=== Material for the task ===
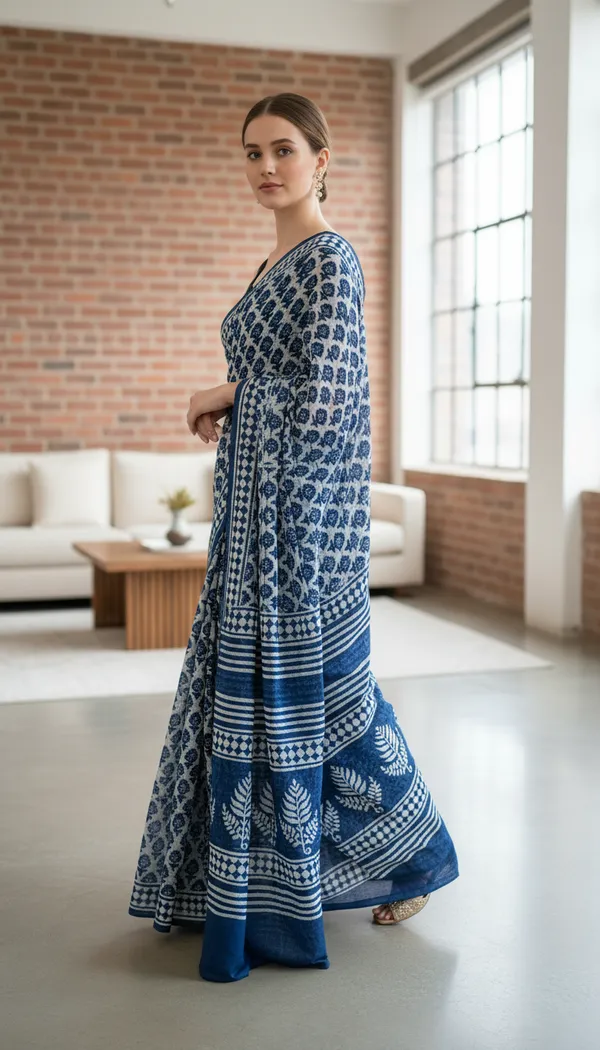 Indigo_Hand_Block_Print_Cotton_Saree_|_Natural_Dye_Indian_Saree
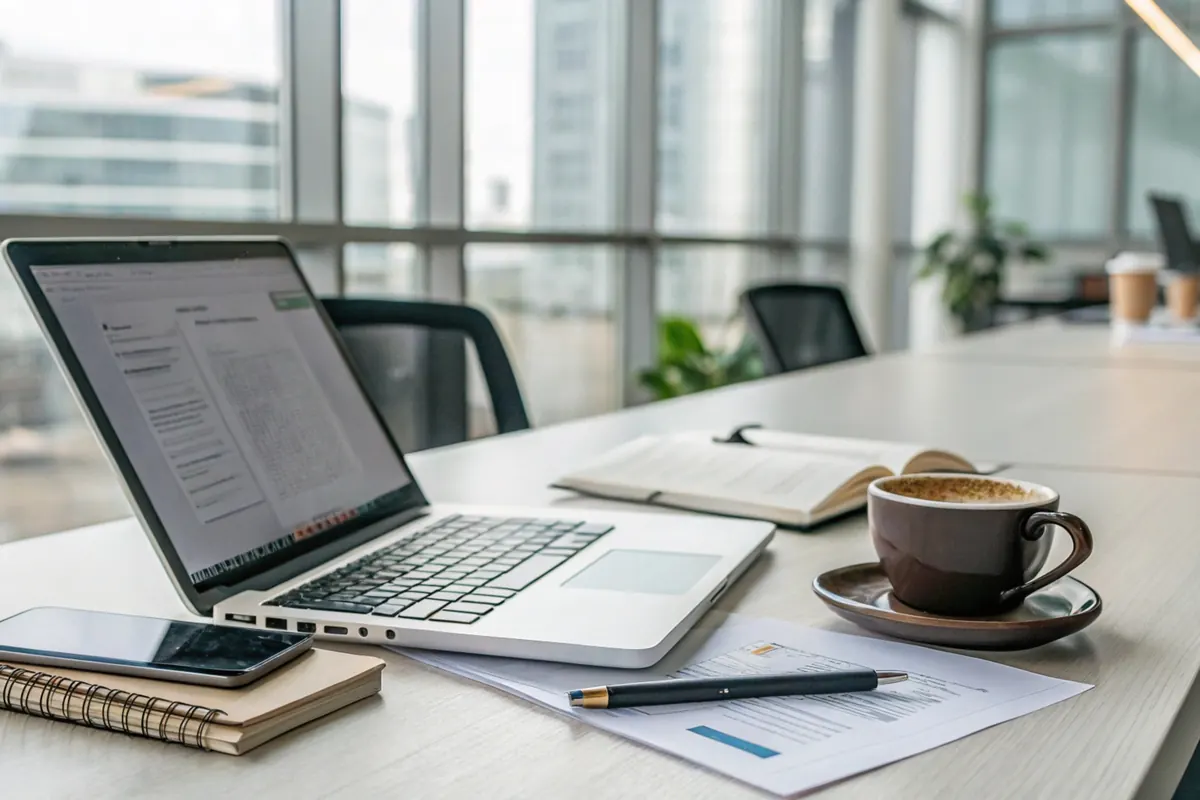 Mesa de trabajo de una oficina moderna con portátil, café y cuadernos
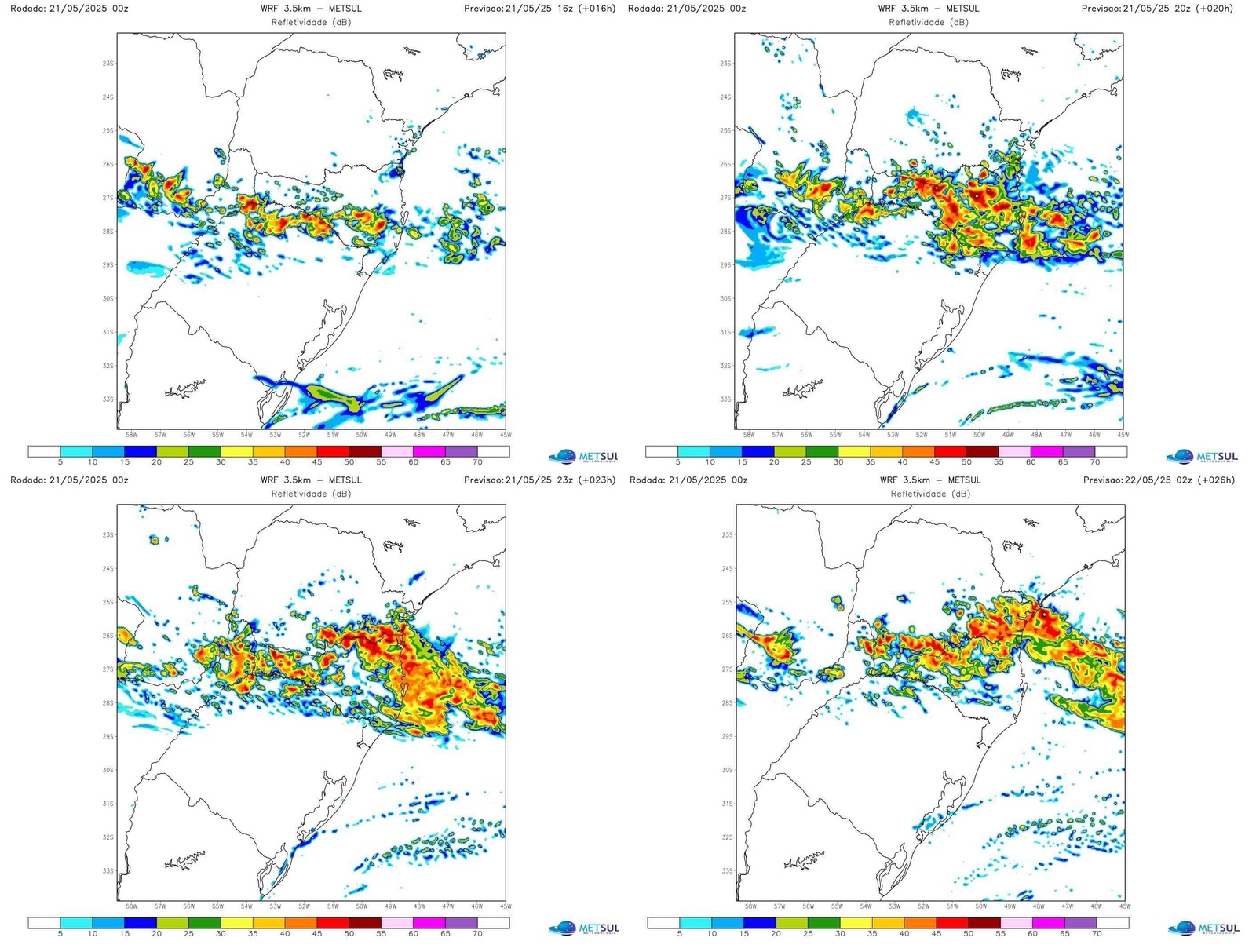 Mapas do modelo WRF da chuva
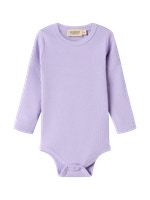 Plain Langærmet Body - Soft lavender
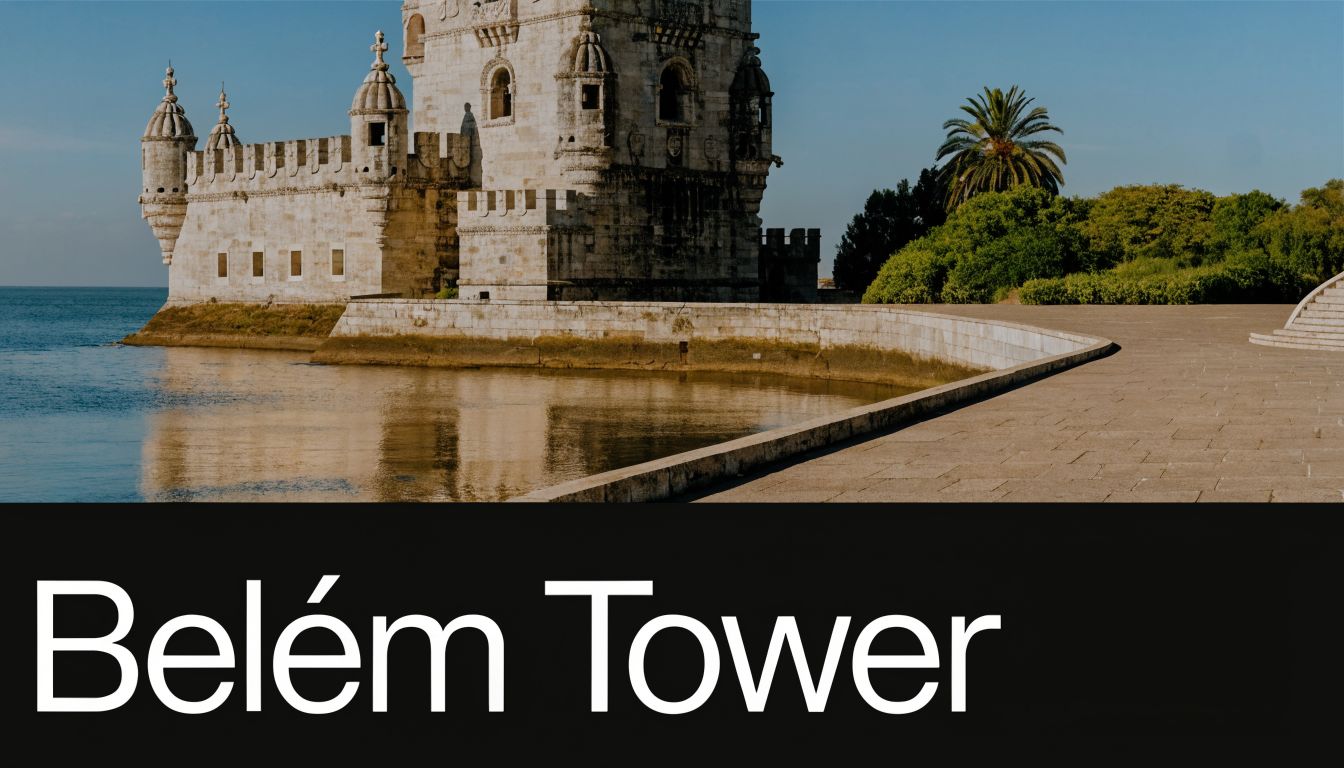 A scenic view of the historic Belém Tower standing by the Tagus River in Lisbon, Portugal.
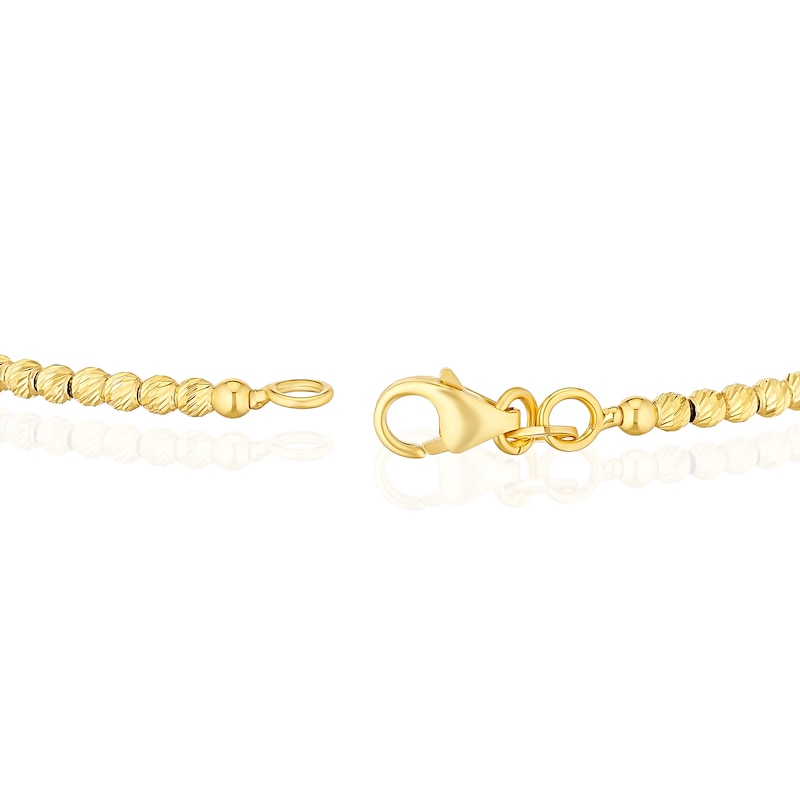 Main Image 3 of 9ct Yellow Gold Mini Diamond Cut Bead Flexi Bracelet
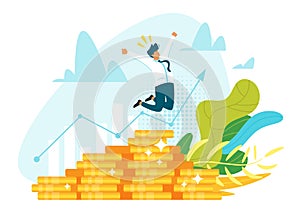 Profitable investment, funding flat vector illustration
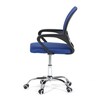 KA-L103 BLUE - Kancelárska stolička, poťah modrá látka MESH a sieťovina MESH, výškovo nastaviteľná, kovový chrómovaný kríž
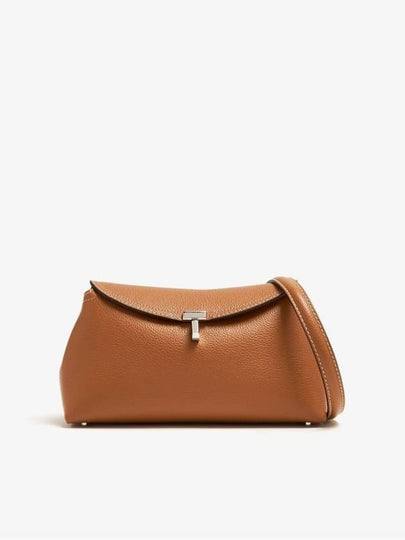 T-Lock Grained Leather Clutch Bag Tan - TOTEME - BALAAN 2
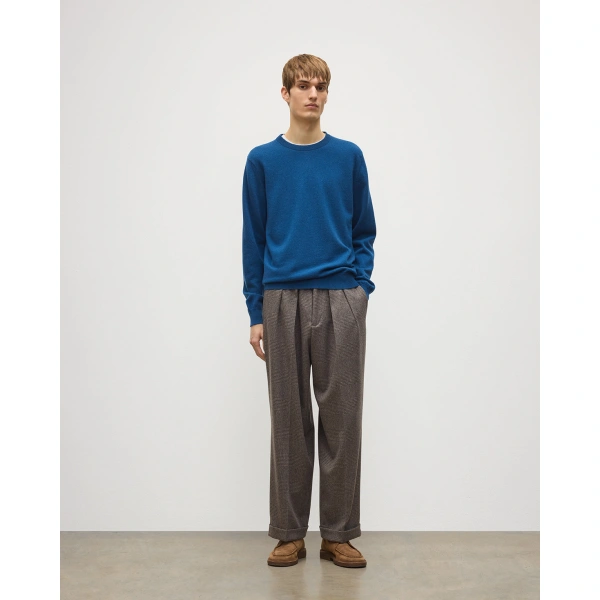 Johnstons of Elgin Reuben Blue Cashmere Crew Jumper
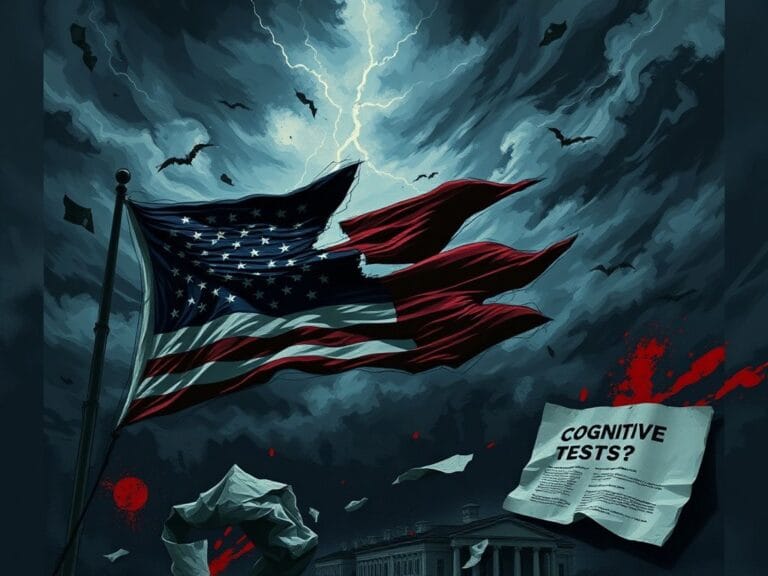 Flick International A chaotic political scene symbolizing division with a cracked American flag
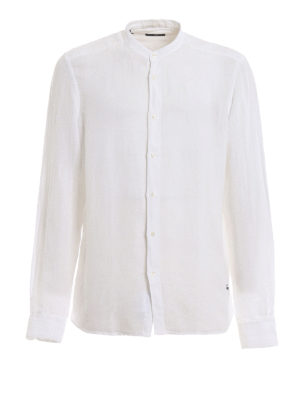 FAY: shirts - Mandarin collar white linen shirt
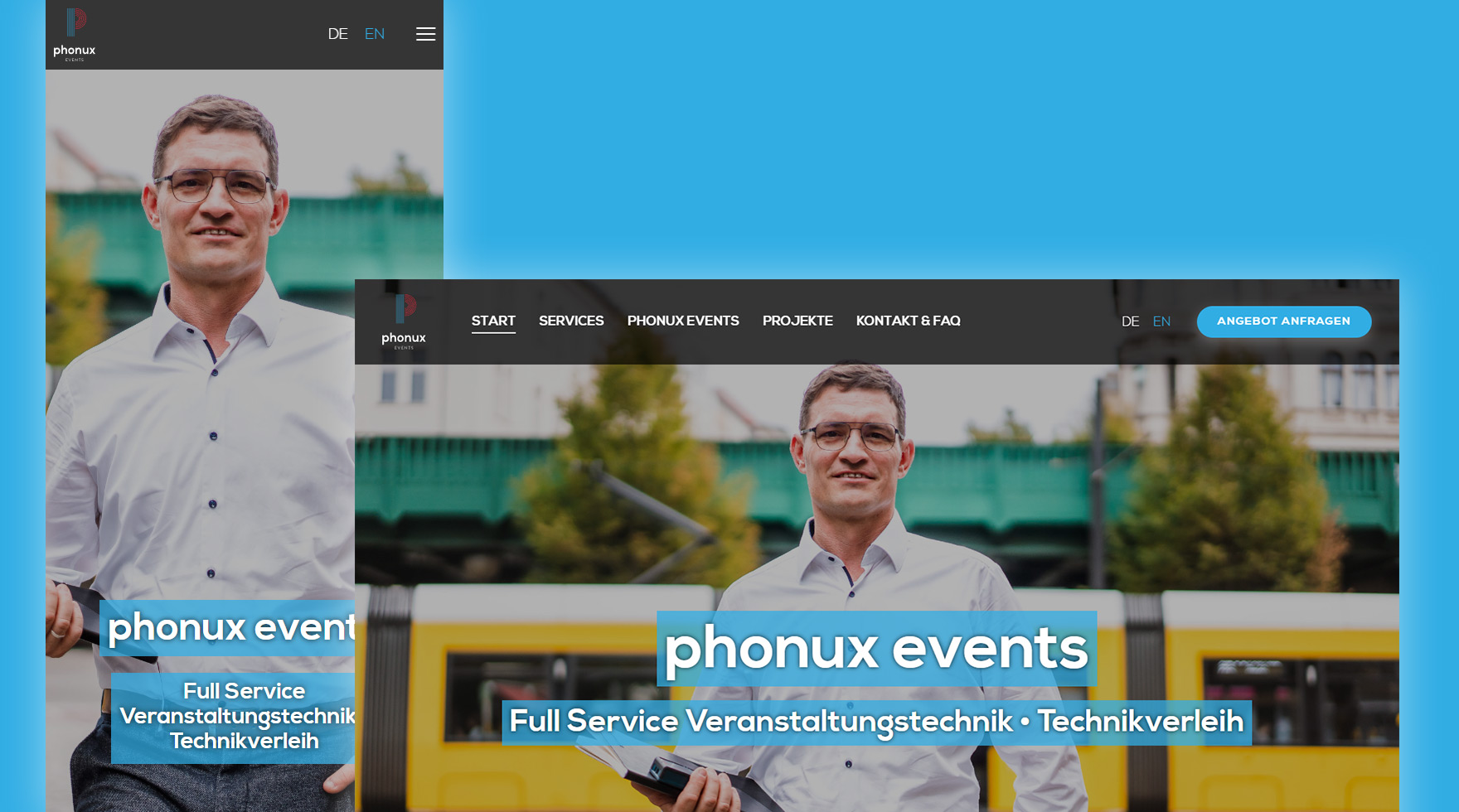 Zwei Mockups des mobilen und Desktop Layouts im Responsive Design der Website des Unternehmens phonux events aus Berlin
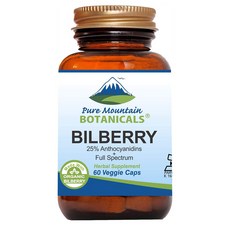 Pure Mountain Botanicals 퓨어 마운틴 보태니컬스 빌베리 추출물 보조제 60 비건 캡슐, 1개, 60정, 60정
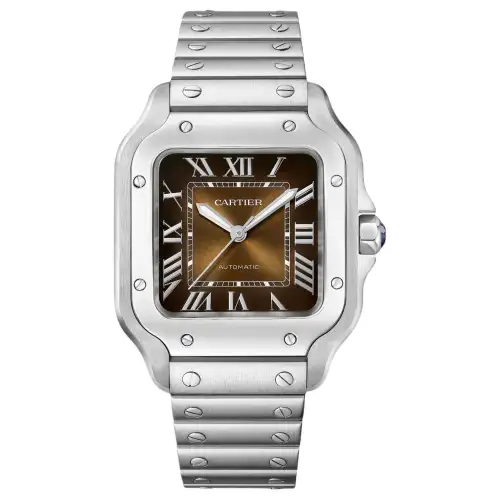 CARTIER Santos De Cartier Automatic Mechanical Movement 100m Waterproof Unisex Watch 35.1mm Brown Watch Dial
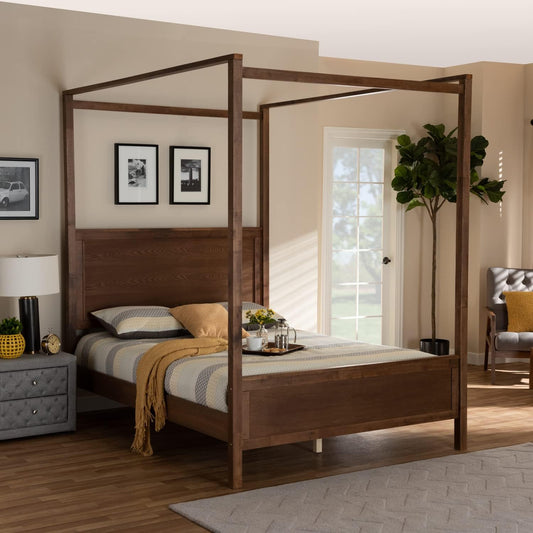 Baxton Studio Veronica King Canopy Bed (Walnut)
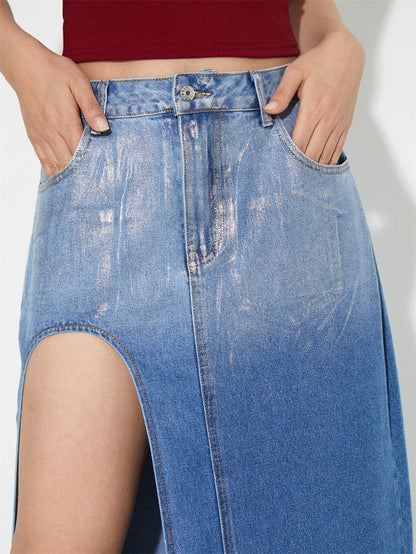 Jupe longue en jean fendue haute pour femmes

=== About this task ===
Return the material from above in full, exactly as written, with the pictures omitted.

=== Answer box ===
 Indigo_Hand_Block_Print_Cotton_Saree_|_Natural_Dye_Indian_Saree
 Mesa de trabajo de una oficina moderna con portátil, café y cuadernos
 Mapas do modelo WRF da chuva
 Plain Langærmet Body - Soft lavender
 A scenic view of the historic Belém Tower standing by the Tagus River in Lisbon, Portugal.
 Main Image 3 of 9ct Yellow Gold Mini Diamond Cut Bead Flexi Bracelet
 Profitable investment, funding flat vector illustration
 KA-L103 BLUE - Kancelárska stolička, poťah modrá látka MESH a sieťovina MESH, výškovo nastaviteľná, kovový chrómovaný kríž
 T-Lock Grained Leather Clutch Bag Tan - TOTEME - BALAAN 2
 Johnstons of Elgin Reuben Blue Cashmere Crew Jumper
 Flick International A chaotic political scene symbolizing division with a cracked American flag
 FAY: shirts - Mandarin collar white linen shirt
 Zwei Mockups des mobilen und Desktop Layouts im Responsive Design der Website des Unternehmens phonux events aus Berlin
 Pure Mountain Botanicals 퓨어 마운틴 보태니컬스 빌베리 추출물 보조제 60 비건 캡슐, 1개, 60정, 60정
 CARTIER Santos De Cartier Automatic Mechanical Movement 100m Waterproof Unisex Watch 35.1mm Brown Watch Dial
 Baxton Studio Veronica King Canopy Bed (Walnut)
 Jupe longue en jean fendue haute pour femmes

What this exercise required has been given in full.